Information provided
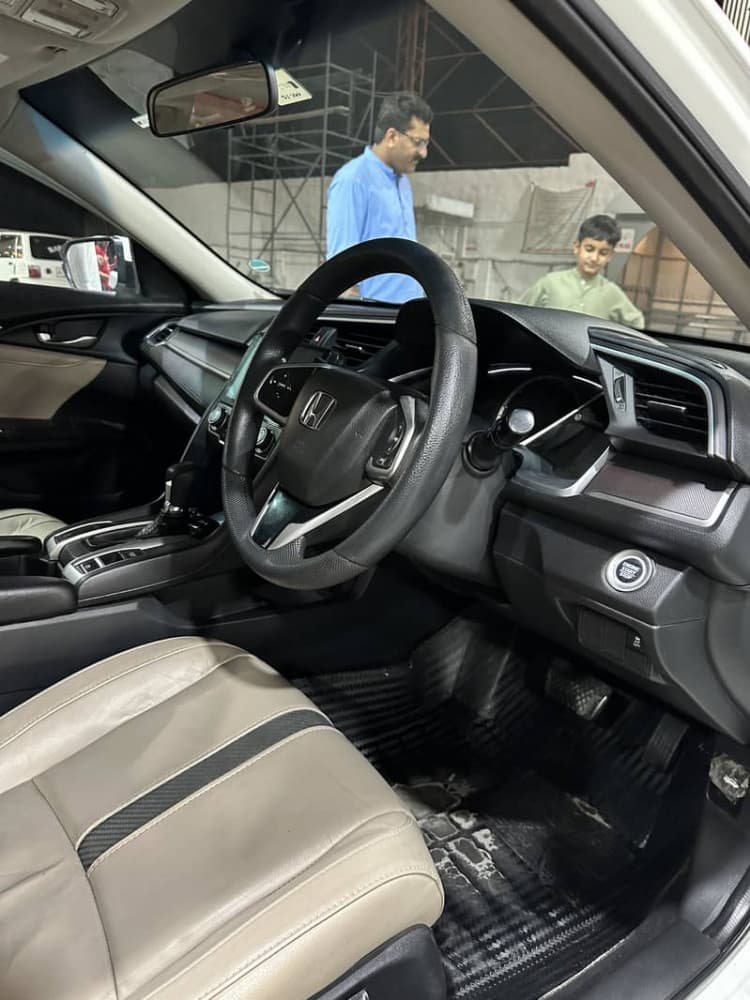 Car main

...

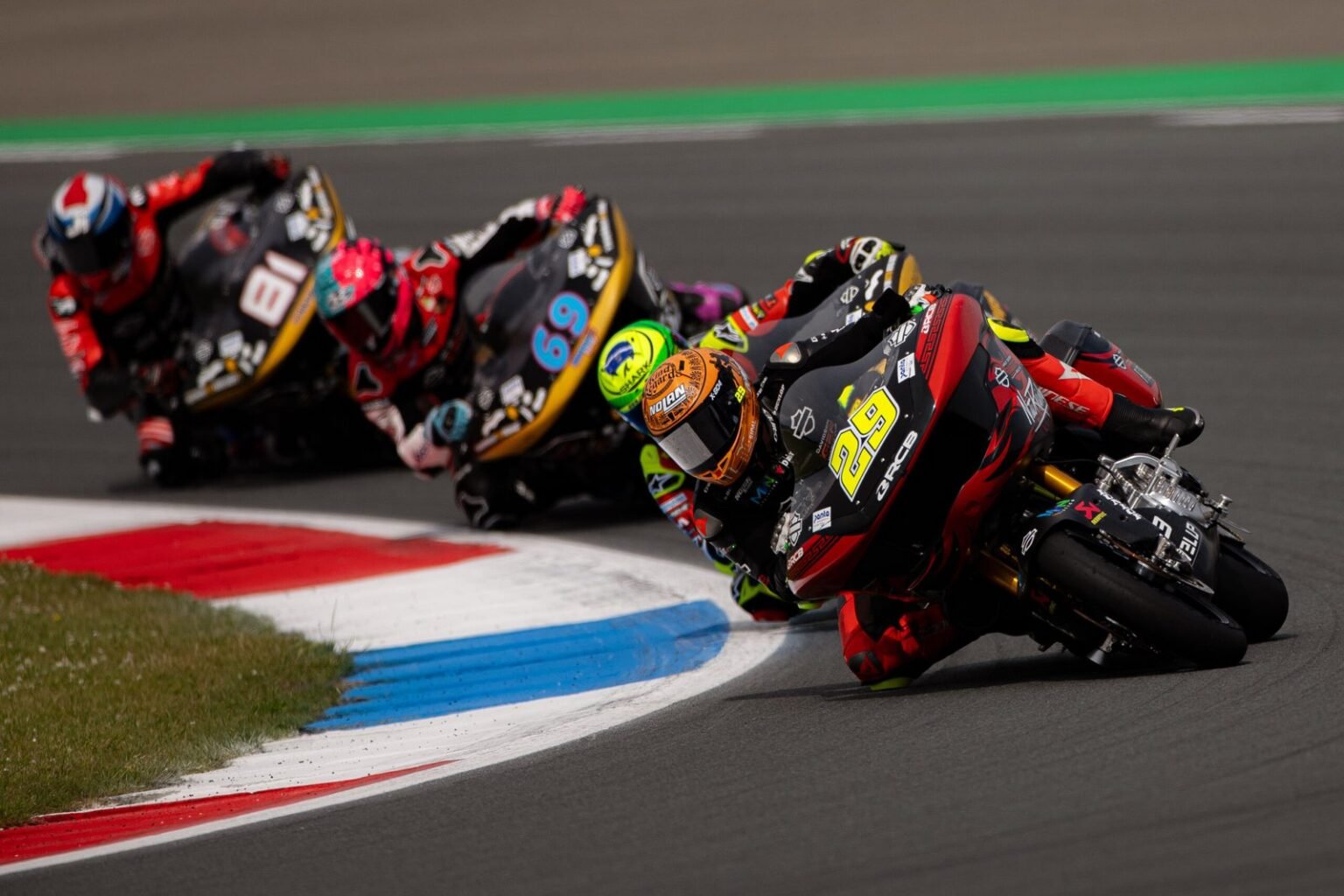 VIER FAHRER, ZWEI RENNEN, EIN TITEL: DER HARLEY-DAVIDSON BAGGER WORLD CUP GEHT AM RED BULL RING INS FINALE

...

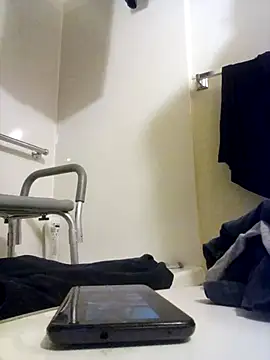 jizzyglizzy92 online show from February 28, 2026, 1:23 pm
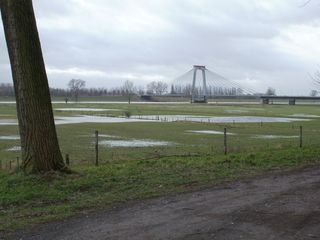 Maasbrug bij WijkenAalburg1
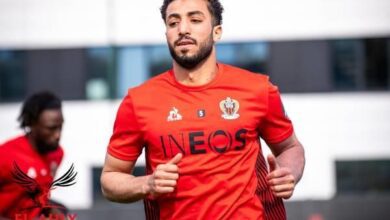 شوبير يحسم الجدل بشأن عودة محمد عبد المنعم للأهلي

What you should do
Look above for the line with "jizzyglizzy92 online show" and the line with "شوبير يحسم الجدل", then restate exactly those two lines and all lines between them, with no pictures.

Task result
 jizzyglizzy92 online show from February 28, 2026, 1:23 pm
 Maasbrug bij WijkenAalburg1
 شوبير يحسم الجدل بشأن عودة محمد عبد المنعم للأهلي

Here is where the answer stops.